== Dataset extract ==

◇ ◇ ◇

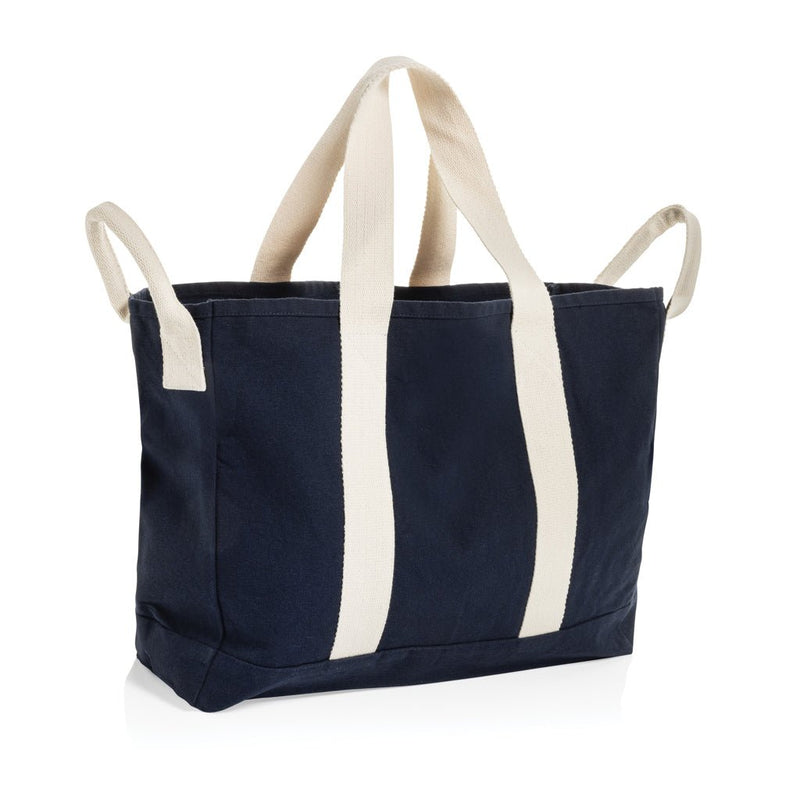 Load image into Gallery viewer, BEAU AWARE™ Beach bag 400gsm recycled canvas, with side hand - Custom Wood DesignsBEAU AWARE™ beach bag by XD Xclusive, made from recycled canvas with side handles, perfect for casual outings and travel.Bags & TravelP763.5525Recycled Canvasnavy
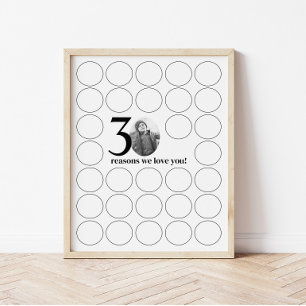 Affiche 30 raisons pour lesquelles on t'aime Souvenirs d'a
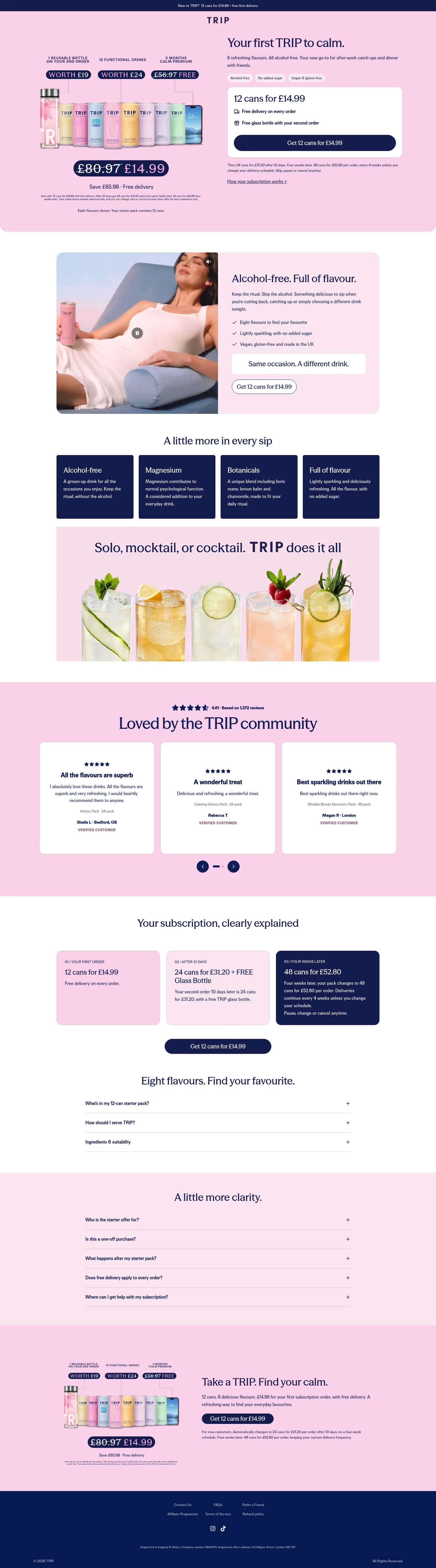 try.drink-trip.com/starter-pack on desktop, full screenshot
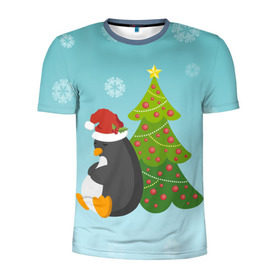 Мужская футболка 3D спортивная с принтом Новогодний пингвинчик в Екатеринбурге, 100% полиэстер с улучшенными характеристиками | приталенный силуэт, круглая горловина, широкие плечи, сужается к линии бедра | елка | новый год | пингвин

◇ ◇ ◇

== What to produce ==
Reproduce the data above line for line, excluding every picture.

== Task result ==
 Load image into Gallery viewer, BEAU AWARE™ Beach bag 400gsm recycled canvas, with side hand - Custom Wood DesignsBEAU AWARE™ beach bag by XD Xclusive, made from recycled canvas with side handles, perfect for casual outings and travel.Bags & TravelP763.5525Recycled Canvasnavy
 Affiche 30 raisons pour lesquelles on t'aime Souvenirs d'a
 try.drink-trip.com/starter-pack on desktop, full screenshot
 Мужская футболка 3D спортивная с принтом Новогодний пингвинчик в Екатеринбурге, 100% полиэстер с улучшенными характеристиками | приталенный силуэт, круглая горловина, широкие плечи, сужается к линии бедра | елка | новый год | пингвин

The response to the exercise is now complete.